High bond yields have effectively shut Cyprus out of international markets since May 2011.
The government secured a €2.5 billion loan from Russia at the end of 2011 but the heavy losses incurred by the island’s biggest banks after the Greek debt write-down forced it to seek assistance from its EU partners in June.
The minister acknowledged that people were worried about certain conditions recommended by the troika.
“We also worry about some of the recommendations (but) all this can be resolved in a serious negotiation,” Shiarly said.
The minister said he expected talks with the lenders to start next week after the government finalises its counter-proposals over the weekend.
After dragging its feet for a couple of months, the government is now scrambling to meet a November 12 deadline or risk running out of cash.
After November 12 - the next meeting of the Eurogroup - it would take the parliaments of individual eurozone nations about six weeks to sanction the Cyprus memorandum.
Meanwhile, Standard & Poor's on Wednesday downgraded Cyprus three notches to "B" from "BB" with a negative outlook, saying electoral considerations contributed to "policy inertia".

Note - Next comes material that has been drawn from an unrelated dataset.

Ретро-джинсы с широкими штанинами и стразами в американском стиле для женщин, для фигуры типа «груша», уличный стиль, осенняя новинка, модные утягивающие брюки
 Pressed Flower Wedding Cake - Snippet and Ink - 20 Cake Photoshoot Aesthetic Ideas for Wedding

“It does not please us at all but it’s a fact that developments do not help the Cypriot economy,” the minister said. “We should not be surprised each time there is a negative assessment.”
It was not a chance that the opposition would miss.
“The new downgrade reflects the dire reality,” DISY spokesman Haris Georgiades said. “Cyprus’ creditworthiness has deteriorated because the government has not yet negotiated a support package while external and fiscal risks have increased.”
Georgiades said the government would now have to negotiate under suffocating timeframes brought about by its inaction.
“We hope that the government, realizing the hard reality, will eventually present the troika with a reliable and effective package,” DIKO spokesman Fotis Fotiou said.
Ruling AKEL said the downgrade had been expected but denied that the reason was the delay in striking a deal with the troika.
“As the reason for the downgrade, the agency repeats the crisis of the banking system and the possibility that the need to support it would raise the public debt to an unviable 130 per cent of GDP by the end of 2013,” AKEL spokesman Giorgos Loukaides said.
At the same time the state broadcaster reported last night that the government has modified its proposals for savings in the public sector with greater salary cutbacks. It said that salaries between €1001 and €1500 would be slashed by 6.5 per cent (instead of by 5 per cent); from €1501 to €2000 by 8.5 per cent; from €2001 to €3000 by 9.5 per cent; €3001 to €4000 by 11.5 per cent (instead of by 11 per cent); and €4000 and over by 12.5 per cent (instead of by 12 per cent). No cuts will be made to salaries under €1000.